Word for word, set down the lines from the one that contains "1972, První let Praha-Madrid, let. dopis" through the final line of the data; no pictures belong in the copy.

(Short web captions)
--

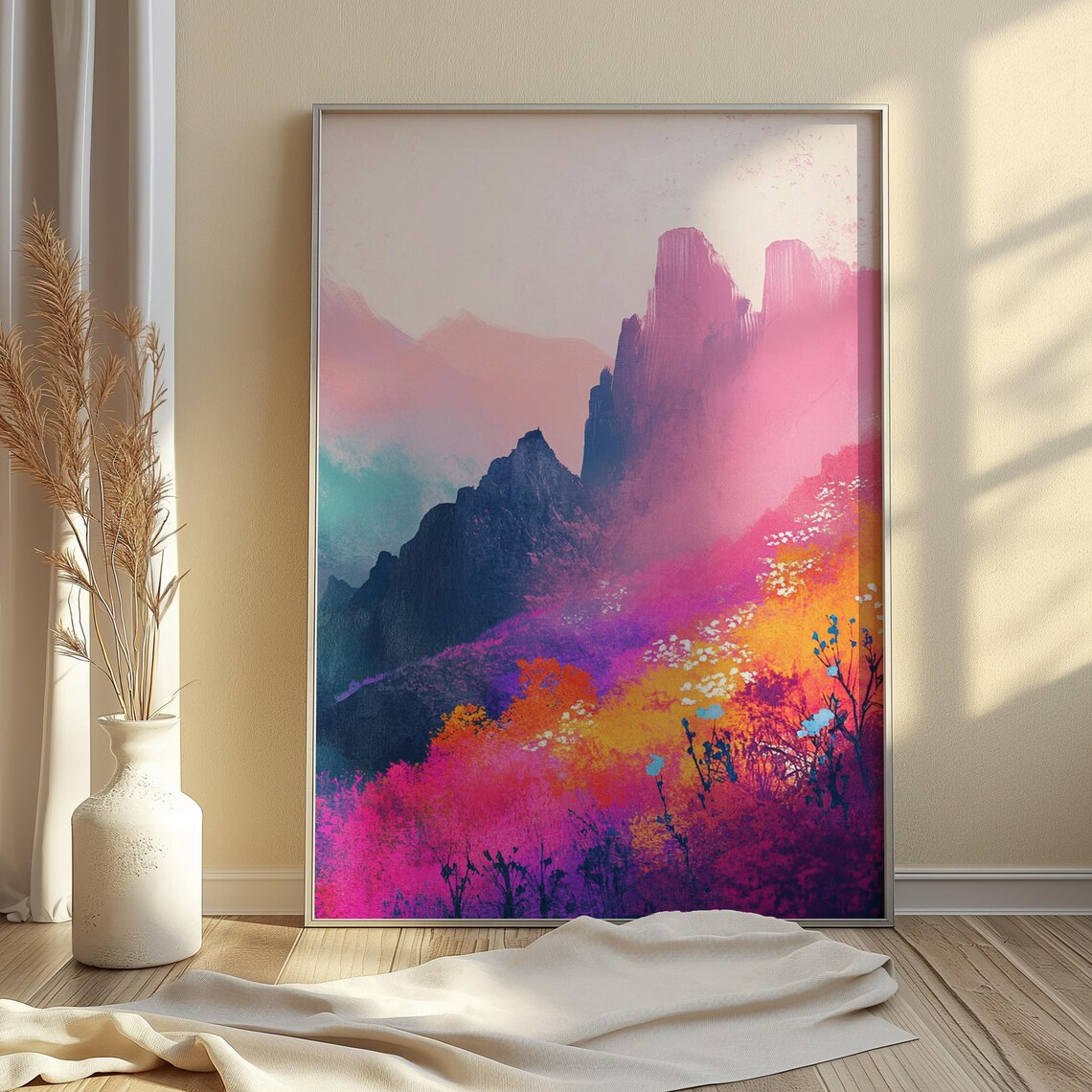 Misty Pink Mountain Cliffs Dark Peaks Dramatic Colorful Landscape Poster - Image 4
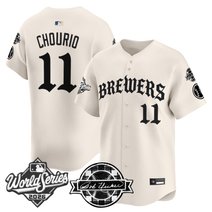 Men's Milwaukee Brewers 2026 World Series Vapor Premier Limited Jersey - Old English Edition - All Stitched
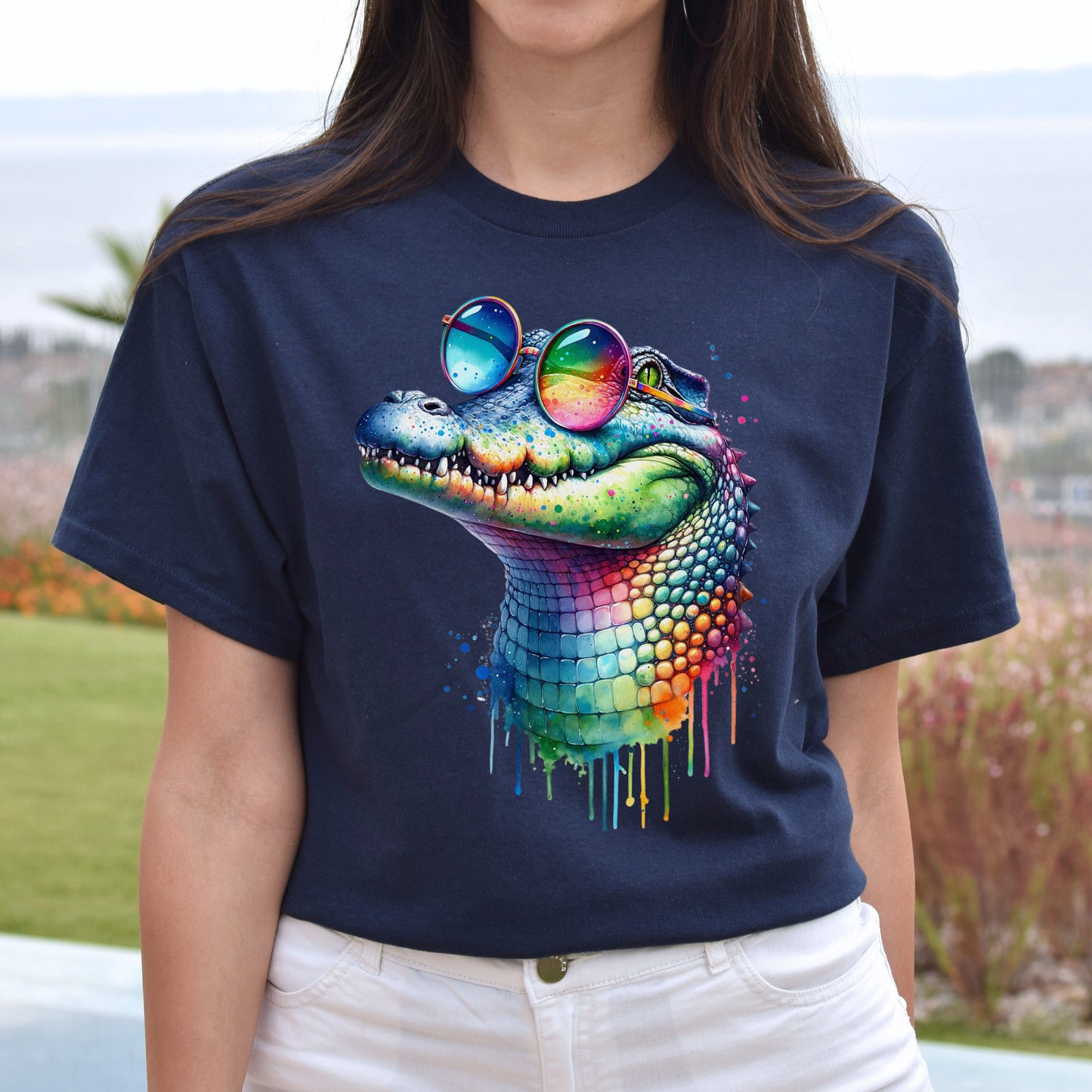 Cool crocodile with eyeglasses Color Splash Unisex T-shirt Black Navy Dark Heather-Family-Gift-Planet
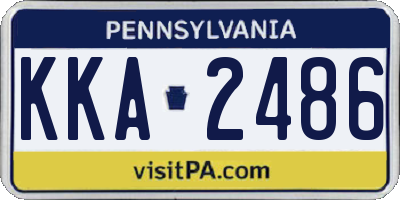 PA license plate KKA2486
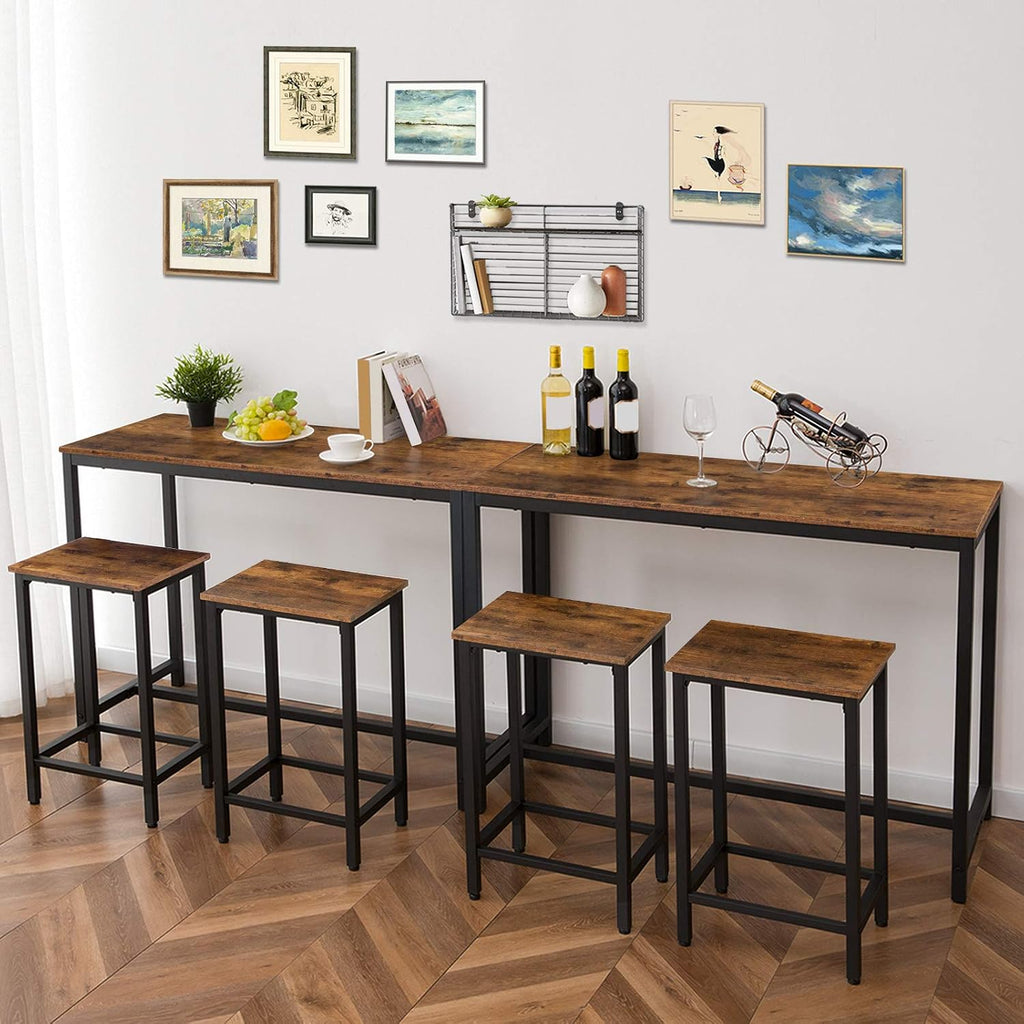 HOOBRO Bakers Rack with Power Outlet, Bar Table and Chairs Set, 47.2' Rectangular Pub 2 Stools, 3-Piece Breakfast Set for Kitchen Living Room BF07UHB01-BF52BT01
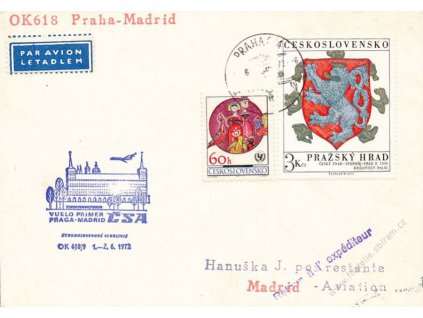 1972, První let Praha-Madrid, let. dopis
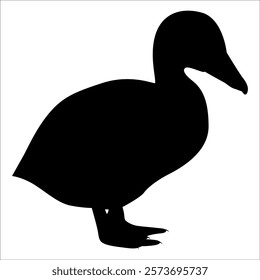 Farm Animal Duck Silhouette Vector Illustration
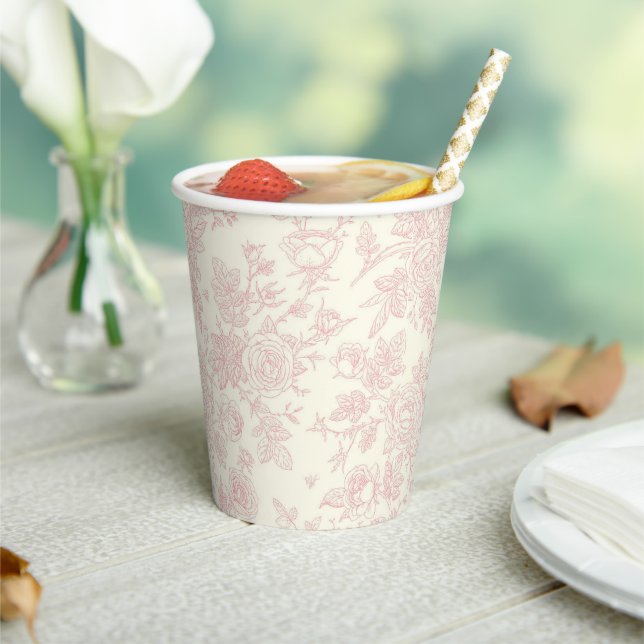 Elegant Wildflowers Roses Blush Pink Wedding  Paper Cups (Insitu)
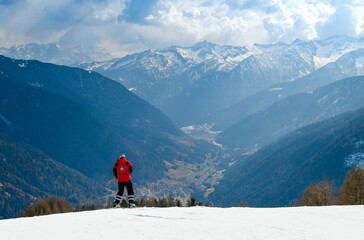 Skiing at Pejo Ski Resort in Val di Sole valley. Winter vacation in Italy, Europe.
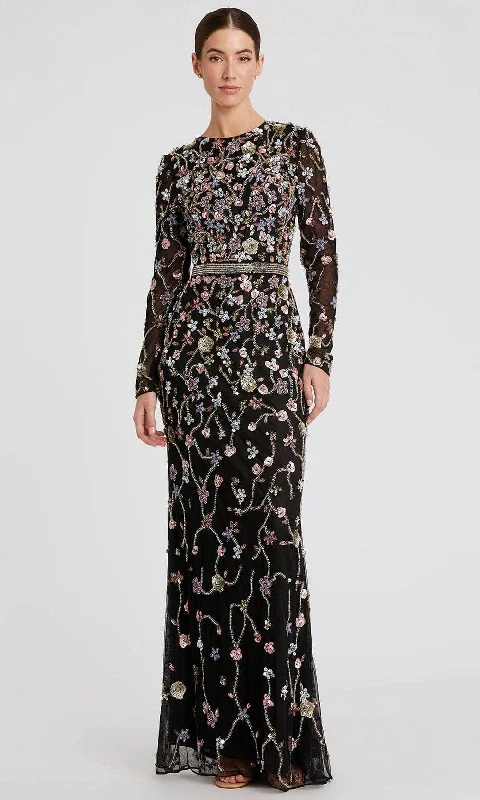 Mac Duggal 6135 - Floral Embellished Long Sleeve Evening Dress Bodycon Fitted Nightout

--

▶ OUTPUT BELOW
 1972, První let Praha-Madrid, let. dopis
 Farm Animal Duck Silhouette Vector Illustration
 Elegant Wildflowers Roses Blush Pink Wedding  Paper Cups (Insitu)
 Skiing at Pejo Ski Resort in Val di Sole valley. Winter vacation in Italy, Europe.
 Mac Duggal 6135 - Floral Embellished Long Sleeve Evening Dress Bodycon Fitted Nightout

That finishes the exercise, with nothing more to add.